Conceived as a project to keep both director Natalie Morales and writer Mark Duplass busy while suffering under lockdown, it uses a simple premise to excellent effect. It starts with a video conversations; one of many that constitute the film’s form. Will (Desean Terry) has bought his husband Tom (Mark Duplass) 100 lessons in immersive Spanish. Costing only a thousand dollars for two years, it’s an absolute steal. Teacher Cariño (Natalie Morales) — based in Costa Rica — is slightly perplexed when the lessons start, but slowly warms to the rich Californian’s affable nature.
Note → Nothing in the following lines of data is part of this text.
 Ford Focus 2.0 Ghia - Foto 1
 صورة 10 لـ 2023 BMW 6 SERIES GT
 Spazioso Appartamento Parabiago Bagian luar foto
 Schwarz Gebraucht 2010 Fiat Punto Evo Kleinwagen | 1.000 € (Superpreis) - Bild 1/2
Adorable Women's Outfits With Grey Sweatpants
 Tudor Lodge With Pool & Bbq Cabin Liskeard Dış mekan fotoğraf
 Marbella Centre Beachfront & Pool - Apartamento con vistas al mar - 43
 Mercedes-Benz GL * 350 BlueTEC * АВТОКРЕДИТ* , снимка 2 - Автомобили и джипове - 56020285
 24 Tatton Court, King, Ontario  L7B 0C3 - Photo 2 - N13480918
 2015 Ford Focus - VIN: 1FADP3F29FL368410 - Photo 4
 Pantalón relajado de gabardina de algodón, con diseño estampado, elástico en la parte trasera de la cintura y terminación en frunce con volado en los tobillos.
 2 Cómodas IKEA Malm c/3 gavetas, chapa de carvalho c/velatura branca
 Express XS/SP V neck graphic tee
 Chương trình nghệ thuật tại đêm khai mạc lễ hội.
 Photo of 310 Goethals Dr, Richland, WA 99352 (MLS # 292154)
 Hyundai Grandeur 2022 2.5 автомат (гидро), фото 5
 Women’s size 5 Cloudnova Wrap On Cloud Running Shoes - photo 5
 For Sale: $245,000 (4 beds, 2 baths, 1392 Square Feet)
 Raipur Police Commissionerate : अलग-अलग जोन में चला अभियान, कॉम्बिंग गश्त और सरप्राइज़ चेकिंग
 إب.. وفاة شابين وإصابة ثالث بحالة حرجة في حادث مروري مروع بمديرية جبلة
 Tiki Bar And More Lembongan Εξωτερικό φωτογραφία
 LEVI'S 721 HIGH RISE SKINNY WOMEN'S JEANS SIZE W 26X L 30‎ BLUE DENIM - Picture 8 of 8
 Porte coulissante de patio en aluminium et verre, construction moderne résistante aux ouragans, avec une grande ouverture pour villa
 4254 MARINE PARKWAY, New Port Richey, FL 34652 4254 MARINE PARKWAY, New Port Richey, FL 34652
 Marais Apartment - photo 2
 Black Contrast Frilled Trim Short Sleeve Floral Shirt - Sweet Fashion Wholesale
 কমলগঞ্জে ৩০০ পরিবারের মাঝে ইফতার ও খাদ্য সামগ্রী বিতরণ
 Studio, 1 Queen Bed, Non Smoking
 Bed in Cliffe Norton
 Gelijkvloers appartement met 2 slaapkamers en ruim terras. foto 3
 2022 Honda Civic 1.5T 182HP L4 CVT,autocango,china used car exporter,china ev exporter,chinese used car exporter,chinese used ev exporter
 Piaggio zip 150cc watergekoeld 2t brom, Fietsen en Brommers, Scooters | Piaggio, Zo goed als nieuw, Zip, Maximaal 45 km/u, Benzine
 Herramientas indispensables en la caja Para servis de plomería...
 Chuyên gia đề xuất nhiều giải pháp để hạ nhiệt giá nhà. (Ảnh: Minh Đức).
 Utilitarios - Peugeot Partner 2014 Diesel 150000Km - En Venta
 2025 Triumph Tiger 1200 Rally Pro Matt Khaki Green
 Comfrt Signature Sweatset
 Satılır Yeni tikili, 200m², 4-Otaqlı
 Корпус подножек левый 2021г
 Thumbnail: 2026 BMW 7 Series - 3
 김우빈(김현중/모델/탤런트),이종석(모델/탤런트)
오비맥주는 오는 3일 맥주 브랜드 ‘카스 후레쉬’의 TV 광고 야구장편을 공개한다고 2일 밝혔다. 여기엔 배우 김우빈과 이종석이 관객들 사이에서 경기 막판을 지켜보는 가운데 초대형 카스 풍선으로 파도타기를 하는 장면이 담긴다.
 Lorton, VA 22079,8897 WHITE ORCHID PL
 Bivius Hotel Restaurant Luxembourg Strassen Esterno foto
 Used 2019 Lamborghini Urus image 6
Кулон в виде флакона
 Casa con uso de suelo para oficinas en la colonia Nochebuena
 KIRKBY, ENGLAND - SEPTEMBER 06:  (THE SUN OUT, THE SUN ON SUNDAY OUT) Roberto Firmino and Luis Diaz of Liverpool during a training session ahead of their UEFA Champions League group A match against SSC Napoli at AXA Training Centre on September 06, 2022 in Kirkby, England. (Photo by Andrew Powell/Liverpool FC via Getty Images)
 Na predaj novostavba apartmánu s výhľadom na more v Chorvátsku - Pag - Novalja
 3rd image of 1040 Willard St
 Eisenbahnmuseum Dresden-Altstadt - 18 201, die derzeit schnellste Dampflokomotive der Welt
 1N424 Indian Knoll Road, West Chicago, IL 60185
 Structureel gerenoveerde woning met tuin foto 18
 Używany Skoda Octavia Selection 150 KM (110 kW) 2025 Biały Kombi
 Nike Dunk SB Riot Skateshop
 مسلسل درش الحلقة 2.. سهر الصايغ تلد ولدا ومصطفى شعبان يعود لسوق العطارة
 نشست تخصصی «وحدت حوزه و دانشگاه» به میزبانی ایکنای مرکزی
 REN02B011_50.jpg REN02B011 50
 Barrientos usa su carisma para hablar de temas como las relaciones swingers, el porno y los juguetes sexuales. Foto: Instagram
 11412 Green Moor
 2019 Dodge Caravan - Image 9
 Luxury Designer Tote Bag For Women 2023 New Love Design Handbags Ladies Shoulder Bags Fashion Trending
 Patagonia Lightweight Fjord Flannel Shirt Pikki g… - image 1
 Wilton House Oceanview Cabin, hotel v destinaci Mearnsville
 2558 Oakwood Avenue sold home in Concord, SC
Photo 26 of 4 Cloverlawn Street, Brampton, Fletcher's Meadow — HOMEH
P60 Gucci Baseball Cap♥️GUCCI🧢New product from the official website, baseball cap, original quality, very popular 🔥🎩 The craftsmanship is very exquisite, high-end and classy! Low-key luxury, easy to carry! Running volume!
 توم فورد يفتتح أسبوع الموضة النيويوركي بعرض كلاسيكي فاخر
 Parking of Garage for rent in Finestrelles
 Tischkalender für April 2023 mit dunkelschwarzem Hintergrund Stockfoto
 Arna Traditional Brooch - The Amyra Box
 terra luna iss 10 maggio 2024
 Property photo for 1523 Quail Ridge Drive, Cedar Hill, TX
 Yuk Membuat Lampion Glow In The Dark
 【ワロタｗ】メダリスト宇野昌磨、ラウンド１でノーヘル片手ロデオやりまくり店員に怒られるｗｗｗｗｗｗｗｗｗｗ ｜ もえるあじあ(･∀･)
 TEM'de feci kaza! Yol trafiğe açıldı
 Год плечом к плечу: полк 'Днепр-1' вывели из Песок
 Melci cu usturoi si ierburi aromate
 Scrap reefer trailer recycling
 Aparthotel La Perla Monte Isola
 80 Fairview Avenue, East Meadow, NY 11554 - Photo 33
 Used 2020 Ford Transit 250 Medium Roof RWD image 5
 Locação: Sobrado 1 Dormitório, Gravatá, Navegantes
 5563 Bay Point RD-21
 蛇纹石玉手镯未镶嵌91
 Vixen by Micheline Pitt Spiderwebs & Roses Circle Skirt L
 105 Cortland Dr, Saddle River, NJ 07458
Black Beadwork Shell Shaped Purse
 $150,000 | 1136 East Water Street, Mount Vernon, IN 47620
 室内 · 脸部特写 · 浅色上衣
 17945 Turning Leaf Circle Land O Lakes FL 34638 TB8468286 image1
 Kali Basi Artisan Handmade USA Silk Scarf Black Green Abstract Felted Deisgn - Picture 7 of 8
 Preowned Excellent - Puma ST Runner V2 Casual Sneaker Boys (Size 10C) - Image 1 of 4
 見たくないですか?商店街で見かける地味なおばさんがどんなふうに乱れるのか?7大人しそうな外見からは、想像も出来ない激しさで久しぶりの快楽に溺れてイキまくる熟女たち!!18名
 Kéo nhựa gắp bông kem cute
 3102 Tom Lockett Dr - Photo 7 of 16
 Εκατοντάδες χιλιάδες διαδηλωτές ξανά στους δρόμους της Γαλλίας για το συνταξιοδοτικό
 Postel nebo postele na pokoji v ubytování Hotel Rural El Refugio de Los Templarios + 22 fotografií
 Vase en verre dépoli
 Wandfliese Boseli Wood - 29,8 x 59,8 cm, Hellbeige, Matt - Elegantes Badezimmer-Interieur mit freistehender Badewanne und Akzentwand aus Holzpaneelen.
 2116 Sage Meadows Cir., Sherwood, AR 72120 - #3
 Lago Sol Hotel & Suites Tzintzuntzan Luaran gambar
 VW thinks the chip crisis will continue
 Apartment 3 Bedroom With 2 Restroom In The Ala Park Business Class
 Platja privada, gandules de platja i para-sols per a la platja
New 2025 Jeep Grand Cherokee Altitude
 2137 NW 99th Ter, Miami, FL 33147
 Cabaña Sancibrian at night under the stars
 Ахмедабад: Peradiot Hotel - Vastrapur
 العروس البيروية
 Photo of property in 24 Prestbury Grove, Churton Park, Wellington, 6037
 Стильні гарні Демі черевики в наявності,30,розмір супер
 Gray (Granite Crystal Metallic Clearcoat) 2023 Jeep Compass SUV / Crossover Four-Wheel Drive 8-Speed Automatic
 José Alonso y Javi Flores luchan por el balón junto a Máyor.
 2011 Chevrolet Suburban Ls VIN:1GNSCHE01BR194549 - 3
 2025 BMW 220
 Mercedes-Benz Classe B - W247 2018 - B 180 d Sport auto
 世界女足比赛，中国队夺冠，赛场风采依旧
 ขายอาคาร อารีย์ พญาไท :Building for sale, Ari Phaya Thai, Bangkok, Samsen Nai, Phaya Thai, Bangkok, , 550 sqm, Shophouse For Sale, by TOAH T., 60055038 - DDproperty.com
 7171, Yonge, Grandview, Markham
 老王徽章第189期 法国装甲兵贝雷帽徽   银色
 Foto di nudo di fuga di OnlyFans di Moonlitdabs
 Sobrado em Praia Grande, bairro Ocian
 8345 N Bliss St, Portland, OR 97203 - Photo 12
Then something terrible happens which bonds both teacher and student far beyond their personal relationship. Over their lessons, mixing Spanish and English freely, they slowly reveal more about the other, providing a reverie on grief, friendship and the power of long-distance platonic love. The way that big events, emotions and connections play out over video call will surely reverberate with many people who have taken to dating, revisiting family and even attending parties virtually due to endless corona restrictions.

Although the film was made and marketed as yet another lockdown project, utilizing the power of video-technology to tell the story remotely, the film doesn’t just load up a grainy Zoom conference and call it a day. Rather, one can see a real measure of craft in the film’s lighting and compositions, using a proper depth of frame instead of merely lingering on Zoom faces. What lockdown projects, especially at full-length, need to remember is that these films can end up replicating the very same sense of fatigue from video-calls nearly everyone is currently suffering. By switching up locations and having characters interact with the screen at different angles, one almost forgets the circumstances of the project and simply starts enjoying the elegantly crafted screenplay.

It also really helps that both actors are really good at expressing nuanced emotion, giving the kind of multilayered performance that these calls need to pull the screenplay off. The limitations act as a kind of suppression technique, allowing quite significant emotions to boil right under the surface. Duplass has a knack for expressing pure, unfiltered emotions, while Morales’s use of deflection is extremely impressive. The film plays with assumptions, making us see the characters as they see each other, pulling the narrative rug from underneath us for clever emotional effect; leading up to a simple landing that suggests an expansion of the film’s own form. If only all lockdown features were this good: Language Lessons is a Beethoven sympathy compared to empty experiments like Locked Down and Malcolm and Marie.

Language Lessons plays in the Competition section of the Berlin Film Festival, running digitally from 1st to 5th March.